Data & Analytics Framework (DAF) and open data: where we’re at
The state of the art of open data in Italy, moving towards a “National Digital Data Platform”
Questo articolo è disponibile anche in italiano
When it comes to open data, we’re not kidding: a nation’s information assets are a goldmine that, if treated with care and attention, according to a system of shared governance able to provide quality data, it can generate enormous value for citizens and businesses.
What do we mean by “open data”? According to the Open Knowledge Foundation:
“Open means anyone can freely access, use, modify, and share for any purpose (subject, at most, to requirements that preserve provenance and openness). Open data and content can be freely used, modified, and shared by anyone for any purpose.”
Public Administrations generate much of a nation’s collective information assets; the law recognises the value in these assets and provides that they should be open and easily accessible to promote transparency, facilitate access to information, support policy makers in their decision processes and create business opportunities for enterprises and startups.

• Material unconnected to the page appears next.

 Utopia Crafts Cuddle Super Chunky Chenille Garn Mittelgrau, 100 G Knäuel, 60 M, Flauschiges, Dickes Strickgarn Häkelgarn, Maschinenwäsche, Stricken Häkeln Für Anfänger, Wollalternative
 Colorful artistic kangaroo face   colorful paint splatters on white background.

To this end, the Digital Administration Code (CAD) regulates “open data by default” (article 52, paragraph 2) and requires the sharing of data between public administrations (article 50). The Three Year Plan devotes an entire chapter to administrative data, in which a clear strategy for supporting the implementation of these CAD provisions is outlined in a series of precise actions.

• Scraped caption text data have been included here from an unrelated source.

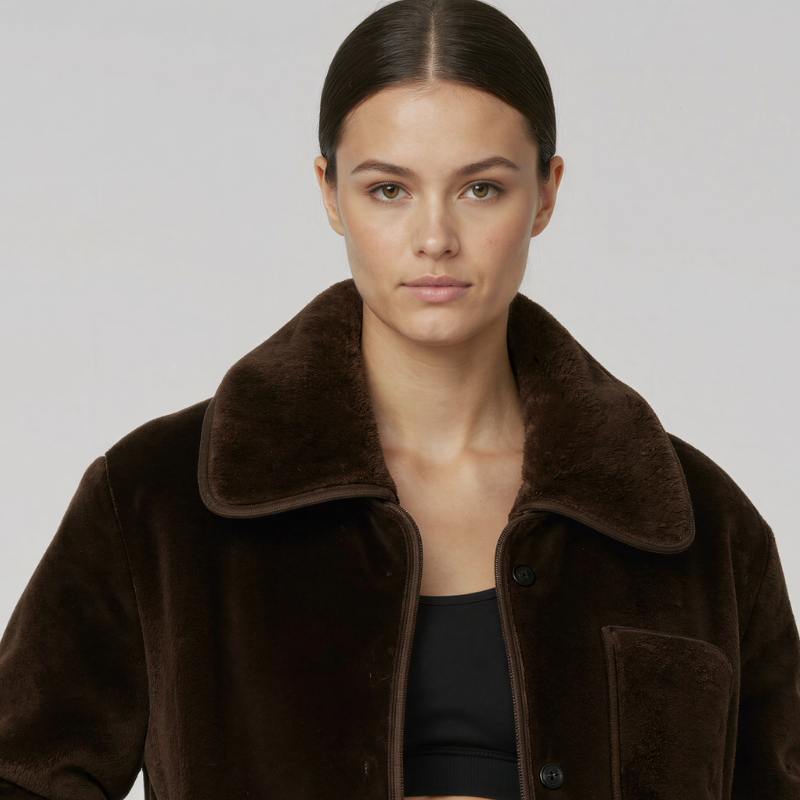 "Dark Night" – Plush Bomber Jacket for Activity and Elegance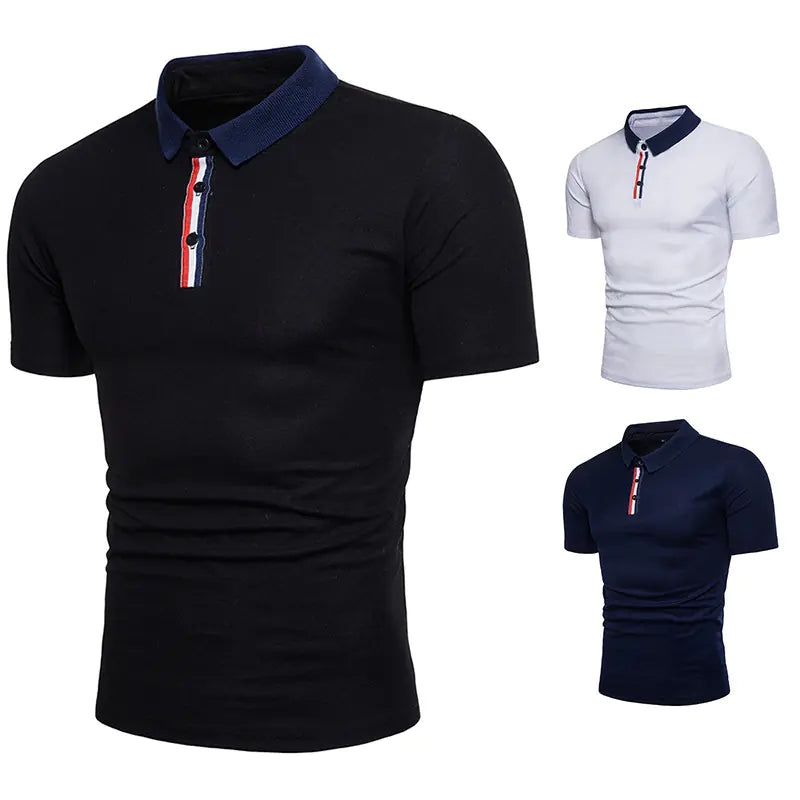 Men's Short Sleeve Polo Shirt with Zipper Lapel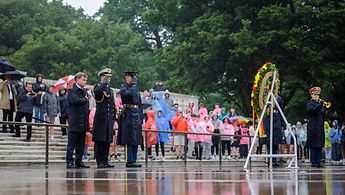 Foreign Minister Johann Wadephul during the wreath-laying ceremony at Arlington National Cemetery. Washington, 28 May 2025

In this article we want to share the cutting edge of open data for the National Digital Data Platform (Piattaforma Digitale Nazionale Dati – PDND) previously known as the Data Analytics Framework (DAF), since renamed in the 50-ter article of the CAD.
Since its inception, the PDND has given itself the following objectives:
- outline a clear national strategy, so as to avoid fragmentation of local initiatives that involve the management and publication of data;
- support the production and publication of open data.
Today, many initiatives either struggle to take off or don’t receive the right attention because they are difficult to access. In some cases, the project doesn’t meet the metadata standards that allow data to be more accessible to a large audience. In other cases, it’s because the datasets are not regularly updated.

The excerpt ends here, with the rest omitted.